During a Friday visit to Northern Illinois University, U.S. Senator Dick Durbin (D-IL) discussed legislation introduced in the Senate earlier this year to allow student loan holders to lower their loans’ interest rates with students, alumni and NIU President Doug Baker. The bill, which Durbin co-sponsored, allows current loan holders to refinance to a lower interest rate. A vote is expected on the bill when the Senate reconvenes the week of September 8th.
“Student debt has reached the breaking point in this country. Far too many young people are looking at a lifetime of debt just because they wanted to do the right thing and get a college degree,” Durbin said. “Reasonable borrowing has long been part of keeping higher education affordable. The bill which I co-sponsored earlier this year will help ease that burden by allowing them to lower their interest rates. The Senate will soon take up this common-sense legislation, and I hope my colleagues join me in supporting it.”
President Baker said he appreciated the senator coming to NIU to address what he called “a critical issue in higher education,” noting that the costs have gone up for students as budgetary support for higher educational institutions has declined over the past 12 years.
“We’re doing everything we can to keep tuition down. This year, tuition, room and board were held constant. We’re going to continue to go in that direction, look at our expenses and be efficient and create a great value for our students,” Baker said.

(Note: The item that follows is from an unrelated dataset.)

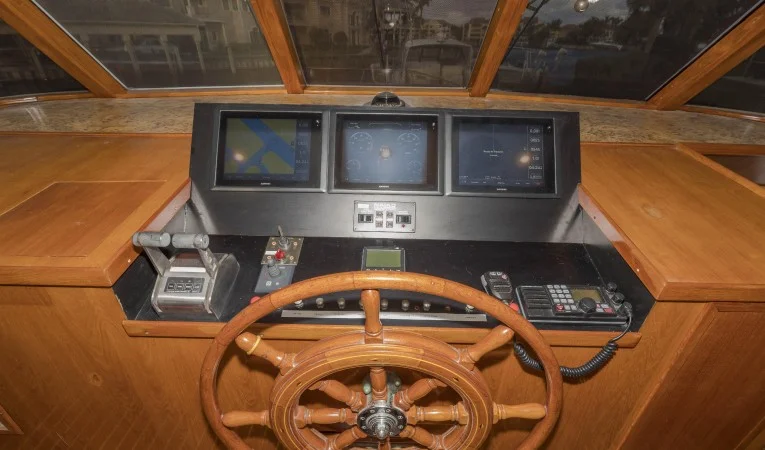 82 Broward Helm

Many borrowers with outstanding student loans have interest rates of nearly 7 percent or higher for undergraduate loans, while students who took out new undergraduate loans last year paid a rate of 3.86 percent under bipartisan legislation passed by Congress last summer. The Bank on Students Emergency Loan Refinancing Act would allow students and young people to pay back their outstanding loans at these same low rates, lowering payments by hundreds or thousands of dollars a year for potentially millions of borrowers. The bill was introduced last month by U.S. Senator Elizabeth Warren (D-MA). Durbin is an original co-sponsor.
“Many students have to take out loans,” Baker added. “The senator’s work to reduce the interest rate on those, I think, is going to be critical to make colleges and universities more affordable for students.”
Senior Family Individual Development and Psychology double-major Angela Isom is one of those students paying for her education with the help of scholarships and loans. She is also a financial literacy educator for an NIU program called Financial Cents. The first generation college student is planning to graduate from NIU in December and is worried about how she will be able to pay back her loans on a new professional’s salary once she graduates.
“Being able to finance your education is important. It’s very important that you have your education,” she said, offering advice to other students. “After that, when it comes to payment, go seek help. Go to the Financial Cents educators or the Financial Aid advisors to help you, because you don’t want to get caught up in loans with interest rates that are skyrocketing.”
The Bank on Students bill would allow borrowers with federal FFEL loans or Direct Loans taken out prior to July 1, 2013 to refinance into the interest rates available to borrowers during the 2013-14 academic year. Those new rates are 3.86% for Undergraduate Direct Loans, 5.41% for Graduate Loans, and 6.41% for PLUS Loans taken out by a student’s parents.
Private loan borrowers would also be eligible to refinance through a provision that allows the federal government to purchase private loans from lending institutions and reissue them as federal loans at lower interest rates. Private student loans often have uncapped variable interest rates, hefty origination fees and few, if any, consumer protections.
Like many students, NIU alumna Aysha Flowers has a mix of federal and private student loans she has to pay off. She said her loan repayment responsibilities have affected not only her lifestyle but also has limited her ability to save for the future.
“For people who are in repayment, to have less to pay over the course of 10-20 years, it could change your future,” she said of the proposed legislation. “Because of the amount [of loans] I have taken out to fund my education…I can’t really plan for my future the way I would like to.”
The legislation would be fully paid for by enacting the Buffett Rule, which would limit special tax breaks for the wealthiest Americans that allow millionaires and billionaires to pay lower effective tax rates than middle class families.
According to a press release from Senator Durbin’s office, there are nearly 1.7 million Illinoisans with outstanding student loans. The average student loan debt for Illinois students in the class of 2012 was $28,028.
“If you have to take out loans, understand that loan payments sound scary, but the loan servicers do work with you; they do understand you are a real person and have life situations,” added Flowers, who has worked as a financial aid advisor for the past four years and told Senator Durbin she actually missed her first student loan payment. “It’s a matter of taking the initiative and communicating with the loan servicer if you are having problems.”
The refinancing bill is the third in a series of proposals introduced by Durbin, Warren, and U.S. Senator Jack Reed (D-RI) to ensure basic protections for student borrowers and to help address the mounting student loan debt crisis. Earlier this year, the three introduced the Student Loan Borrower Bill of Rights Act and the Protect Student Borrowers Act of 2013. The Student Loan Borrower Bill of Rights Act would ensure struggling student loan borrowers are treated fairly and understand the full range of repayment options and resources available to them. The Protect Student Borrowers Act of 2013 would help make institutions of higher education more accountable for student indebtedness by requiring institutions to assume some of the risk of a student loan default.